Estas coisas não poderiam oferecer segurança, se não
encontrássemos a cada passo, nas Escrituras, muitos lugares para provar que
nenhuma das coisas que temos dito é de invenção dos homens. O que Cristo dizia
de si próprio: “Antes que Abraão nascesse, eu sou” [Jo 8.58], de modo algum
podia convir à humanidade. Tampouco me é desconhecido com que falácia os
espíritos equivocados depravam esta passagem, isto é, que ele foi anterior a
todos os séculos porque já então fora conhecido de antemão como Redentor, tanto
no desígnio do Pai, quanto na mente dos piedosos. Mas, visto que de sua
essência eterna ele distingue claramente o dia de sua manifestação, e da
antigüidade expressamente arroga a si autoridade em que excele a Abraão, não
dubiamente a si reivindica o que é próprio da divindade. Que Paulo proclama ser
ele “o primogênito de toda a criação” [Cl 1.15], “que já existia antes de todas
as coisas e por quem todas as coisas subsistem” [Cl 1.17], que também
reivindica ter sido “glorioso junto ao Pai antes que o mundo fosse estabelecido”
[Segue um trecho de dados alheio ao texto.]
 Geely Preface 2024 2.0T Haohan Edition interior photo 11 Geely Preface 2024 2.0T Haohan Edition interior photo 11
[Jo 17.5], e que “trabalha juntamente com o Pai” [Jo 5.17], isso de maneira
nenhuma compete ao homem. Estas, portanto, e asseverações afins, certamente são
atribuídas exclusivamente à divindade. Entretanto, o fato de se chamar o servo
do Pai [Is 42.1], de se narrar “haver ele crescido em idade e sabedoria diante
de Deus e dos homens” [Lc 2.52], que “não buscava sua própria glória” [Jo
8.50], que “desconhecia o dia final” [Mc 13.32], que “não falava por si mesmo”
[Jo 14.10], “nem fazia sua própria vontade” [Jo 6.38], de estar expresso que
foi “visto e apalpado” [Lc 24.39; 1Jo 1.1], tudo isso é exclusivamente da
humanidade. Ora, na extensão em que é Deus, não pode ser aumentado em qualquer
coisa, e tudo faz por amor de si mesmo, nem lhe é desconhecida coisa alguma,
tudo faz pelo arbítrio de sua vontade e é invisível e impalpável. Todavia,
tampouco estas coisas são prescritas exclusivamente à sua natureza humana; pelo
contrário, ele as toma para si, até onde convêm à pessoa do Mediador.
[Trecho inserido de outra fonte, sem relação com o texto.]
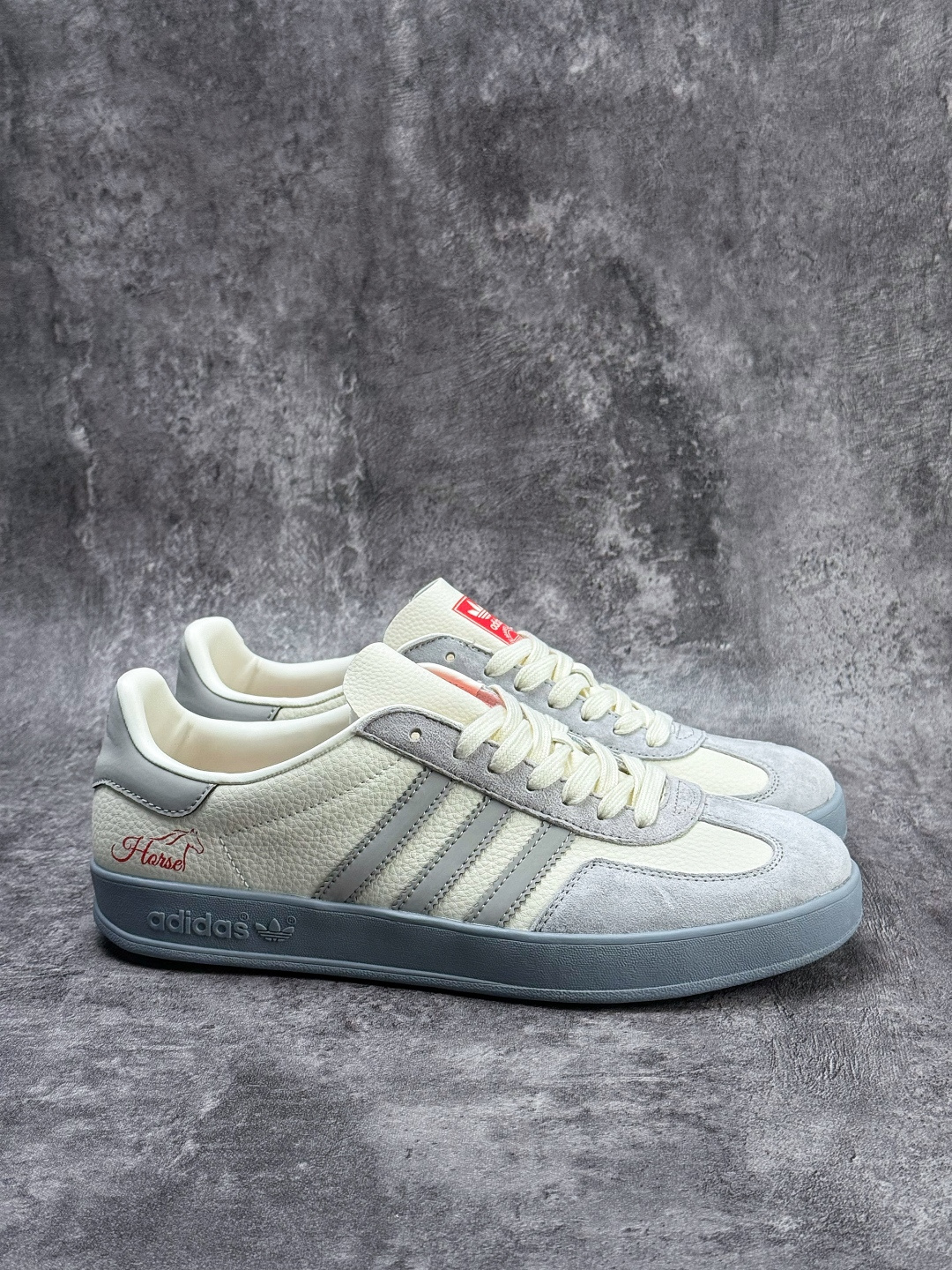 210 F版 马年新款海外定制限量发售 Adidas Originals GAZELLE BOLD W“马年联名限定”专为 2026 丙午马年打造的限定德训鞋 ZH2598-Chinese UA Cheap High Quatity Brand Clothes Bags handbags Sneakers wholesale wholesaler seller from China Factory suppliers Fashion Clothing Shoes best Quality Beautiful Price 210 F版 马年新款海外定制限量发售 Adidas Originals GAZELLE BOLD W“马年联名限定”专为 2026 丙午马年打造的限定德训鞋 ZH2598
Comunicação de idiomas ou propriedades, porém, é o que diz Paulo: “com seu
sangue Deus adquiriu para si a Igreja” [Atos 20.28], e “o Senhor da glória foi
crucificado” [1Co 2.8]. De igual modo, o que diz João: “apalpamos a Palavra da
Vida” [1Jo 1.1]. Com toda certeza Deus não tem sangue, nem sofre, nem pode ser
tocado por mãos. Mas, visto que Aquele que era verdadeiro Deus e homem, Cristo,
crucifi cado, derramou seu sangue por nós, coisas que se realizaram na natureza
humana são impropriamente, contudo não sem razão, transferidas à divindade.
Semelhante é o exemplo onde João ensina que Deus deu sua vida por nós [Jo
3.16]. Logo, também aí se comunica com a outra natureza uma propriedade da
humanidade. Por outro lado, quando Cristo dizia, ainda em seu labor na terra,
que “ninguém havia subido ao céu, a não ser o Filho do homem, que está no céu”
[Jo 3.13], certamente, segundo o homem e na carne que havia vestido, não estava
então no céu, mas, em vista do fato de que ele mesmo era Deus e homem em função
da união da dupla natureza, dava a uma o que era da outra.